We stood in line for preschool drop off this morning and a little boy started up a conversation.

"My brother is at school. My brother Sam goes to school. And I go to school. I pee before I go to school. And I poop as soon as Nana picks me up."

The boy's mother smiled a bit but didn't seem shaken at the randomness that her small son was unloading to a complete stranger. We are all in this together here at preschool. All of the moms and dads at preschool drop off are unshowered, weathered, slumpy. We have tiny sons and daughters who say the darnedest things and so we watch our mouths around them and hope that they don't repeat what we say behind closed doors.

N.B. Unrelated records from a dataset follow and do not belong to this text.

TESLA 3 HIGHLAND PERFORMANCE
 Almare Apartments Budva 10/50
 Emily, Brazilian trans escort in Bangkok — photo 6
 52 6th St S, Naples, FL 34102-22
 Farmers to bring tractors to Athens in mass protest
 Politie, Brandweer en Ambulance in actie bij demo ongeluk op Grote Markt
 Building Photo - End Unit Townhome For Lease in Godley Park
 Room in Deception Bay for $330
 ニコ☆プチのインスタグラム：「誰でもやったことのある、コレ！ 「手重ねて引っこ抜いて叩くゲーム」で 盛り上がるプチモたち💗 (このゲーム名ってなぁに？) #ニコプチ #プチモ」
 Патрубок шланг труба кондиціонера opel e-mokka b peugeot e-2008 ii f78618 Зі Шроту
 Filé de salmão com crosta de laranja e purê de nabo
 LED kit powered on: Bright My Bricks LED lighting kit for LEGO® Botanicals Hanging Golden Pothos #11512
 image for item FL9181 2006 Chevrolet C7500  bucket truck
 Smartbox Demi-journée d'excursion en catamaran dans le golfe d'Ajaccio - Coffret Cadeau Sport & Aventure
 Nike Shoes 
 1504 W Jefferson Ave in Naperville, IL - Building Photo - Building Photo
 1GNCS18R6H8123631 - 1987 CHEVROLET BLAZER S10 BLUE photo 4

Yesterday, as my friend's three-year-old inquired about whether or not Kate was a boy or a girl, he said, "Does she have a 'gina?" And my friend and I just smiled as we matter-of-factly explained the differences between boys and girls.

Have I mentioned that I love this age?

And a new friend of mine--introduced through preschool drop off--mentioned that she was wondering if any of us parents are really put together. We all scrambled for warm winter clothes this morning when we realized that the temperatures had fallen into the forties. Who needs to be perfect anyway? Kate was wet from spitting up and Dylan had dog hair sticking out of his dark blue sweater. And I...I didn't even look in the mirror this morning nor did I brush my hair, not because we were running late, we were actually quite early, but because vanity and mirrors aren't as important as morning couch snuggles with the babies.

I looked into Katie's closet this morning and realized that all of her warm winter clothes were too small for her. I bundled her up in Dylan's old teddy bear suit, zipped the boy into a puffy red vest which was newly labeled Dylan M with a Sharpie and some painters tape since there wasn't a tag to write on, and threw a sweatshirt on myself as we loaded into the car. After drop off Kate and I spent our girl time sans brother at the store buying her a whole new wardrobe.

I told Dylan as we pulled into the parking lot that I hadn't looked in the mirror. "But that's Okay," I told him, "because what matters is how you feel on the inside and how you feel about yourself." I hope my kids grow up feeling confident in their bodies. I want my daughter to love herself for her character and not simply because she looks good in her makeup.

It's that kind heart under the bear suit that counts.